Posted on:2000-03-07Degree:Ph.DType:Dissertation
University:The University of ArizonaCandidate:Walsh, Michele ElaineFull Text:PDF
GTID:1464390014463606Subject:Clinical Psychology
Abstract/Summary:
Social scientists routinely employ sociodemographic variables such as race, ethnicity, and sex as independent variables in their research. These "social address" variables typically stand in, either explicitly or implicitly, for the more explanatory variables believed to underlie them. For instance, race and ethnicity often serve merely as proxies for the values, beliefs, and behaviors (i.e. culture) that are assumed to correlate with them.;"Unpacking" proxy variables---directly measuring the variables believed to underlie them---can provide a more reliable and more interpretable way of looking at group differences in patterns of illness, service use, and outcomes. The present study examines the factors hypothesized to underlie ethnicity as it relates to adaptation to, and outcomes of, managing type II diabetes in a veteran population.;Two instruments were developed to measure seven domains believed to correlate with ethnicity: economic marginality, domestic and family workload, domestic help, family relations, saliency of religion, proactive response to illness, and negative impact of illness.
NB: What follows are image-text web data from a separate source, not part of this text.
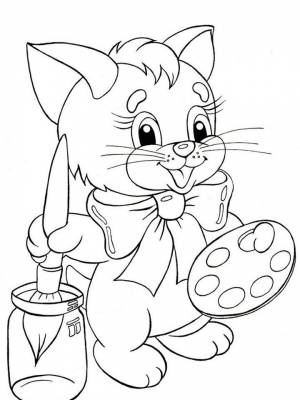 Раскраска для детей 5 лет  листе  для детей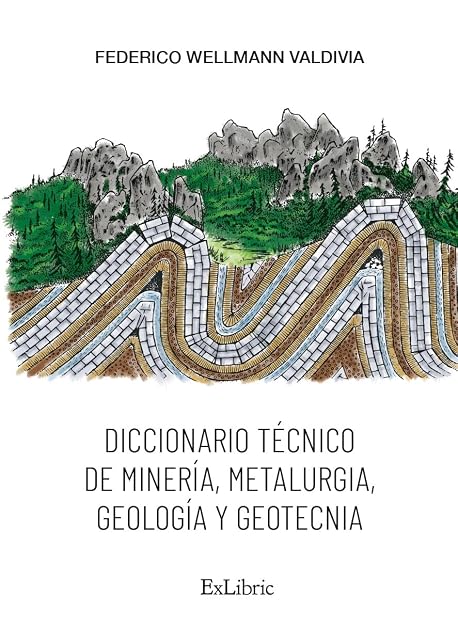 Portada de Diccionario Tecnico de Mineria Metalurgia Geologia y Geotecni
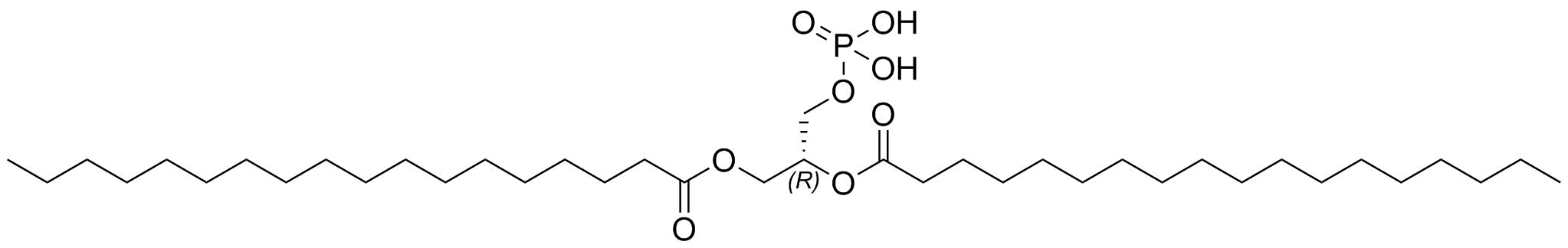Octadecanoic Acid, 1,1\'-[(1R)-1-[(Phosphonooxy)Methyl]-1,2-Ethanediyl] Ester Structure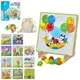 Деревянная игрушка Игра мозаика MD 1598 мозаика, картинки12 шт,фишки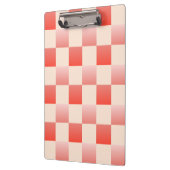 Coral Peach Gradient Checked Klemmbrett (Links)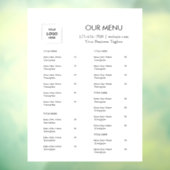 Minimalist Menu | カスタムロゴ カフェ＆ケータリング ウィンドウサイン (シート3)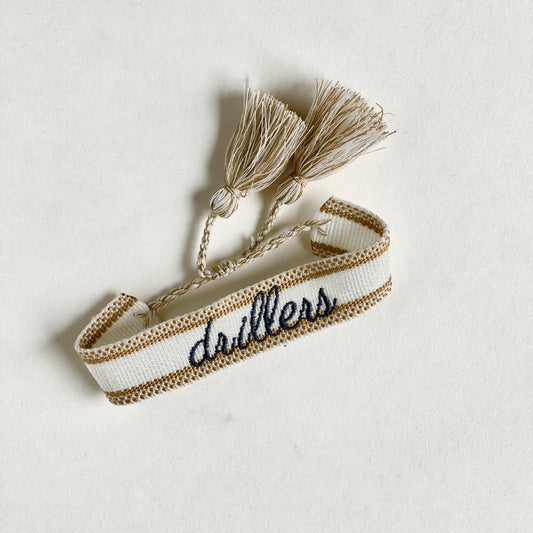 Drillers Woven/Embroidered Bracelet
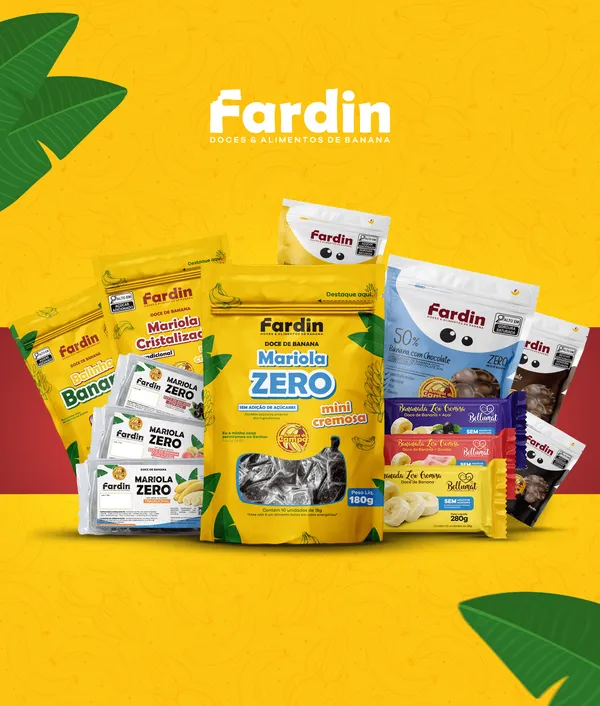 Embalagens redesenhadas da linha Mariola, Fardin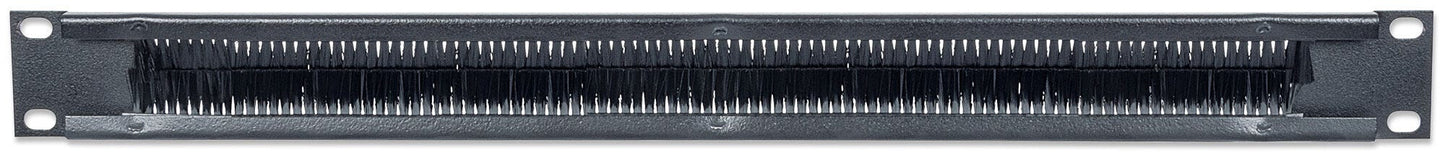 Intellinet 19" Cable Entry Panel, 1U, with Brush Insert, Black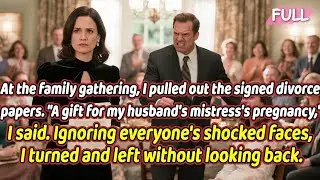 Family gathering,I pulled out the signed divorce papers.A gift for my husband's mistress's pregnancy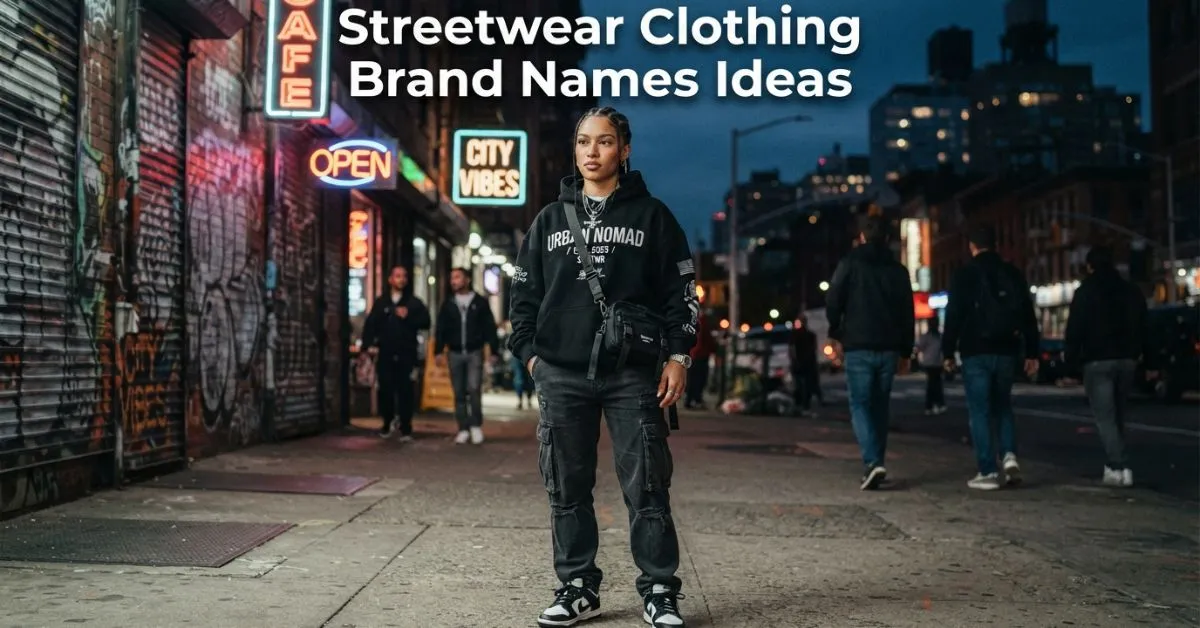 Streetwear Clothing Brand Names Ideas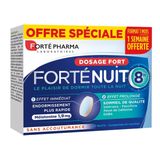 Forté Pharma ForteNuit 8h Mélatonine GABA Plantes 30 comprimés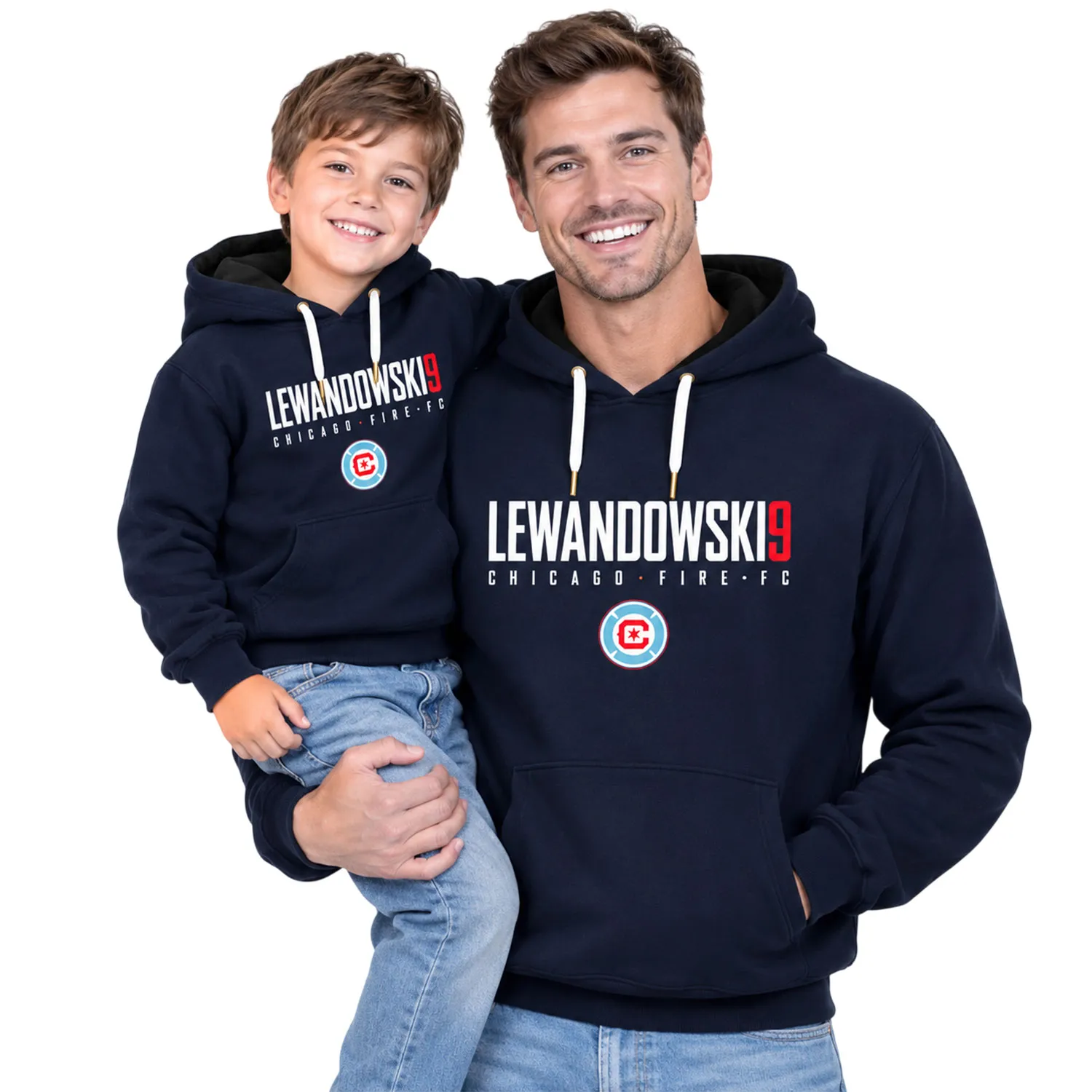 Kids Lewandowski Chicago Fire Navy Hoodie Elite Fanwear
It was hypothesized that these domains would have an impact on the relationship with health care provider, severity of illness, utilization of urgent health care services, and quality of life.;Twelve Anglo veterans and 16 Hispanic veterans with type II diabetes were interviewed using the semi-structured Ecocultural Veteran Interview (EVI). These veterans, and an additional 17 Anglo veterans and 10 Hispanic veterans, also received a self-report instrument modeled after the EVI, the Ecocultural Veteran Self-Report (EVSR). Multitrait-Multimethod analyses were used to compare the reliability and validity of the two instruments. Sequential hierarchical general linear models were used to assess the utility of the measures in accounting for variance in the outcome measures.;Results indicate that the EVSR taps into the same domains as the more resource-intensive EVI. Furthermore, the domains are correlated with self-reported ethnic identification. These domains directly predict the relationship with provider, utilization of urgent health care services and quality of life. In addition, the domains interact with patient characteristics to predict severity of illness. The evidence from this study suggests that research focusing on improving the measurement of ecocultural variables in health services research is likely to be fruitful.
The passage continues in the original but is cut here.